By Daily Bruin Staff
June 6, 2013 12:51 a.m.
Azamat Tazhayakov, who returned to the United States from Kazakhstan on an expired student visa, was charged with destroying evidence related to the Boston Marathon bombings in late April.
In the aftermath of the bombings, U.S. Customs and Border Protection agents were granted extended access to the Student and Exchange Visitor Information System, which contains student visa and other personal information. Under the new system, agents from customs will be able to pull up a student’s information before they arrive in the U.S.
In a similar development, the Senate is currently debating a major immigration bill that would mandate greater information sharing among federal agencies, and withhold all new student visas until such a policy is enacted. Proposed measures include an automatic notification to customs of the expiration of a student’s visa.
Ostensibly, the policy merely fixes a gap in information-sharing among different sectors of the federal government. However, the policy’s focus on international students is misplaced.
With expanded access to student visa records by federal agents, students are being examined for their potential to do wrong or commit heinous acts rather than their more probable potential – making progress in scientific research or bringing valuable academic contributions to college campuses across the country.
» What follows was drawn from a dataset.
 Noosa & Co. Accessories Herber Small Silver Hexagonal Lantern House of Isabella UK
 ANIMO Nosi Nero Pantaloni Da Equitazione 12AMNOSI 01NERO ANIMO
Though the impact of the pending changes is unclear, the cumulative effect of such policy proposals is to create a less welcoming environment for international students.
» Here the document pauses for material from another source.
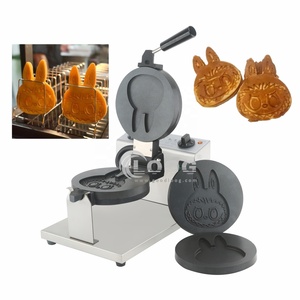 Machine à gaufres commerciale très vendue, gaufrier personnalisé Labubu avec plaques amovibles - Product Image 1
“I feel very uncomfortable that our privacy is being destroyed, because we’re students, not terrorists,” said Gülnaz Kiper, a first-year cognitive science student from Turkey.
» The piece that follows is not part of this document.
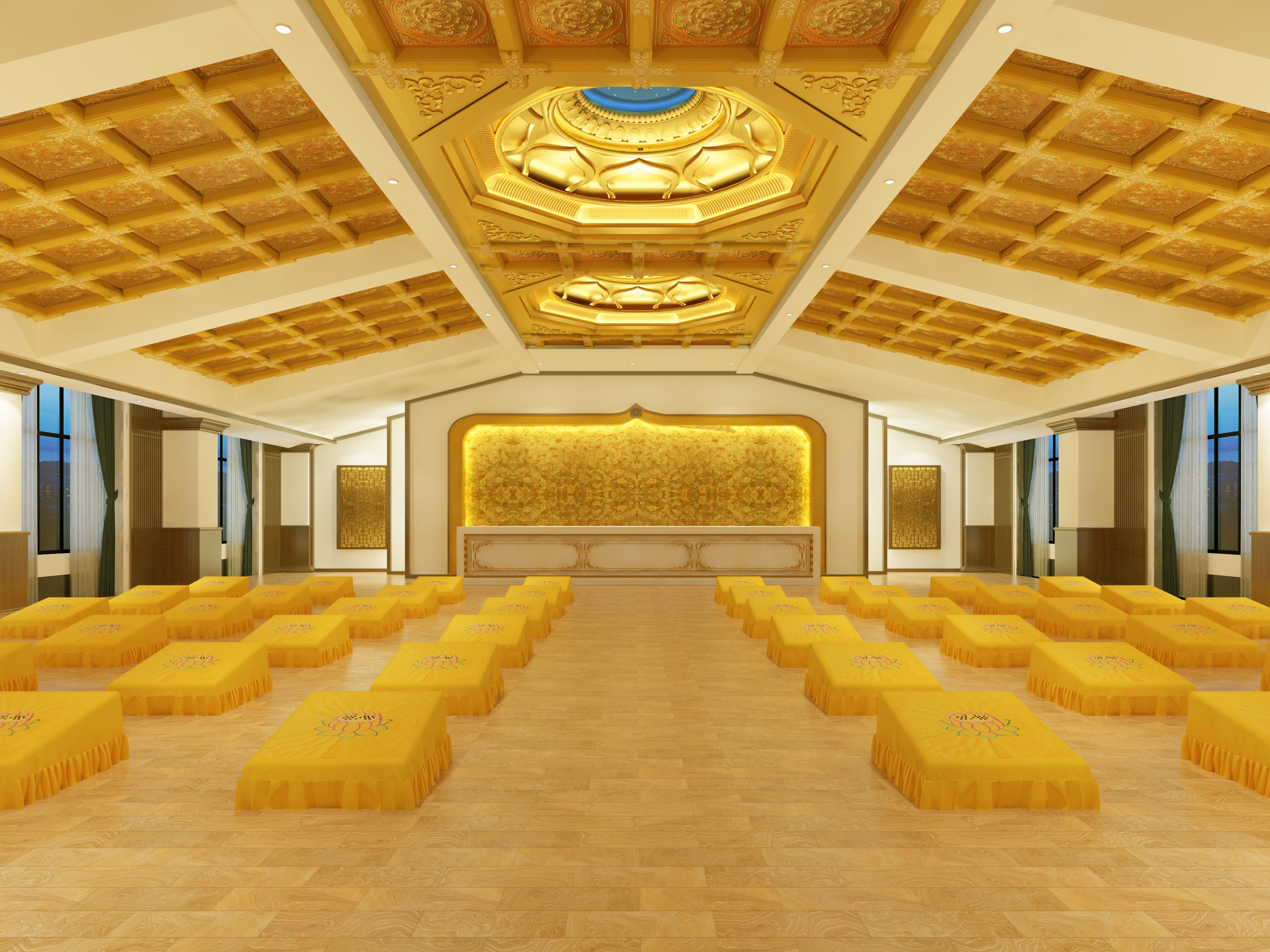 佛堂吊顶寺庙天花吊顶装修材料仿古装饰材料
According to a November 2012 report from the nonprofit Institute of International Education, there are about 764,495 international college students in the United States. Tazhayakov was just one of these. The majority of international students, then, are receiving undeserved attention because of the actions of a single person. Tazhayakov is the exception rather than the rule.
These changes in access to information, along with any subsequent legislation, may cause students to feel alienated in the eyes of the American government or fellow American students.
The feeling that one is a permanent outsider is the bigger, unaddressed issue that comes from the changes in which parties can access the Student and Exchange Visitor Information System.
Moreover, a May press release from the National Association of Foreign Student Advisors, an advocacy group for international higher education, argued that the Senate legislation strays from a long history of the U.S. welcoming bright students from around the globe.
Kiper said that though she feels fairly welcome in the country, she feels unsafe with the fact that the government is invading international students’ privacy more than before.
Implementing stricter visa regulations has the potential to discourage international students hoping to study in the U.S. These students make up a large portion of young scholars contributing to new innovations and academic progress.
Closely monitoring international students’ personal information is an impulsive and simplistic answer to a much larger issue. The process of bettering national security should consist of a more in-depth investigation of the larger issues at hand.